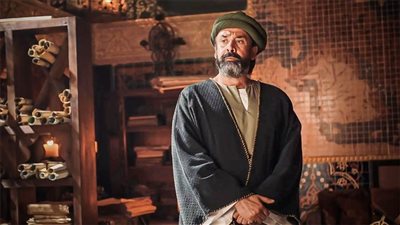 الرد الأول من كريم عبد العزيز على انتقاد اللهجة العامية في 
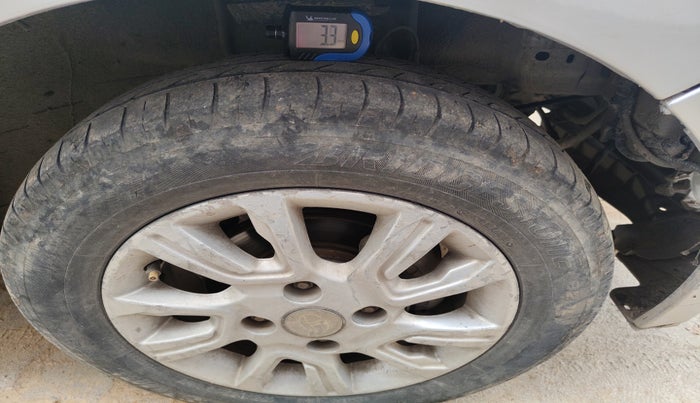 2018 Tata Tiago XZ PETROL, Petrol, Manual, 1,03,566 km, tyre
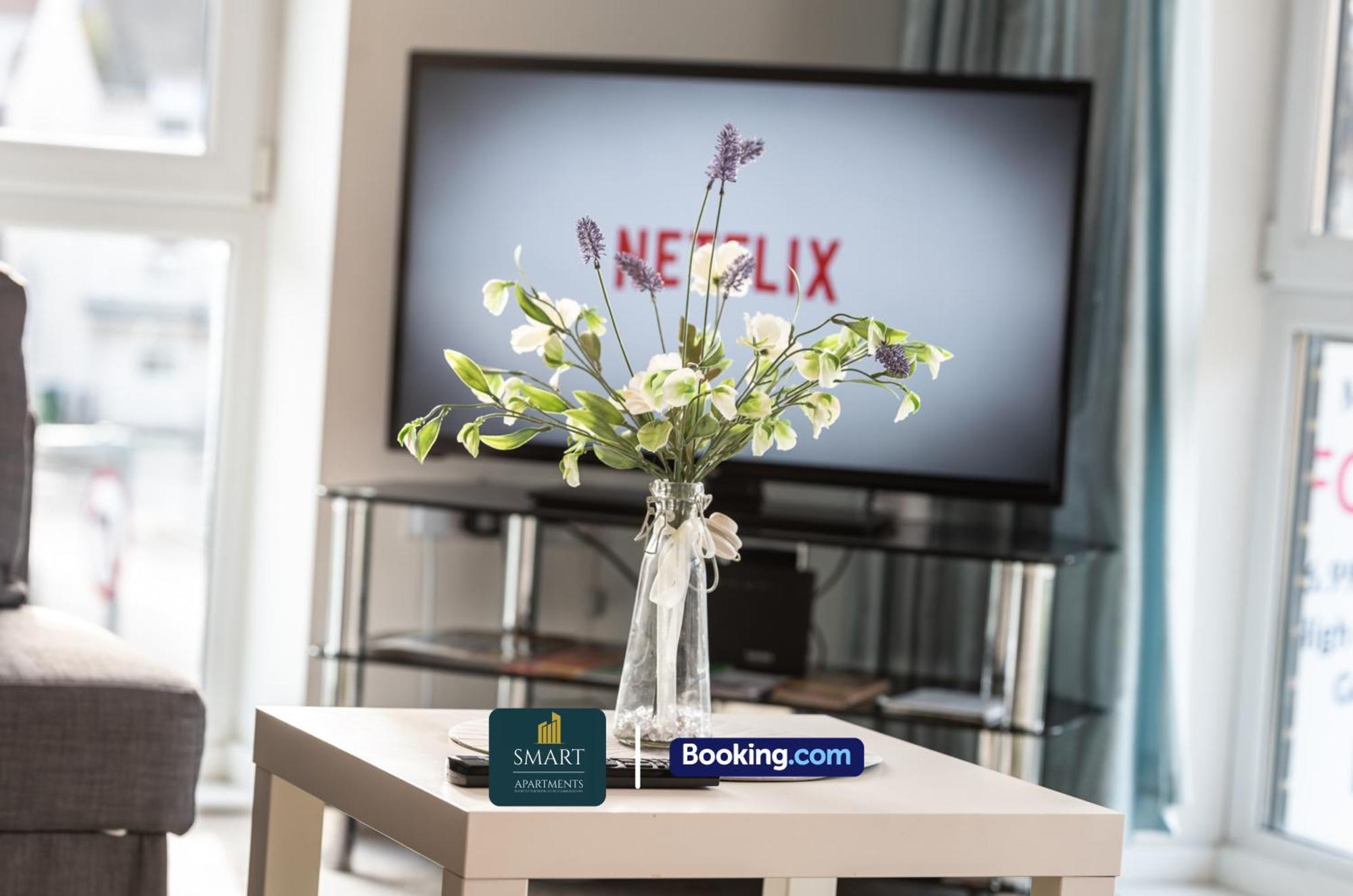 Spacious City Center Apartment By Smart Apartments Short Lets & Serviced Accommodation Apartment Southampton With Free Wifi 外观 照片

────────────────

▶ Exercise description:
The job is to return the listing above exactly, minus its pictures.

▶ Finished task:
 الرد الأول من كريم عبد العزيز على انتقاد اللهجة العامية في 
 2018 Tata Tiago XZ PETROL, Petrol, Manual, 1,03,566 km, tyre
 Spacious City Center Apartment By Smart Apartments Short Lets & Serviced Accommodation Apartment Southampton With Free Wifi 外观 照片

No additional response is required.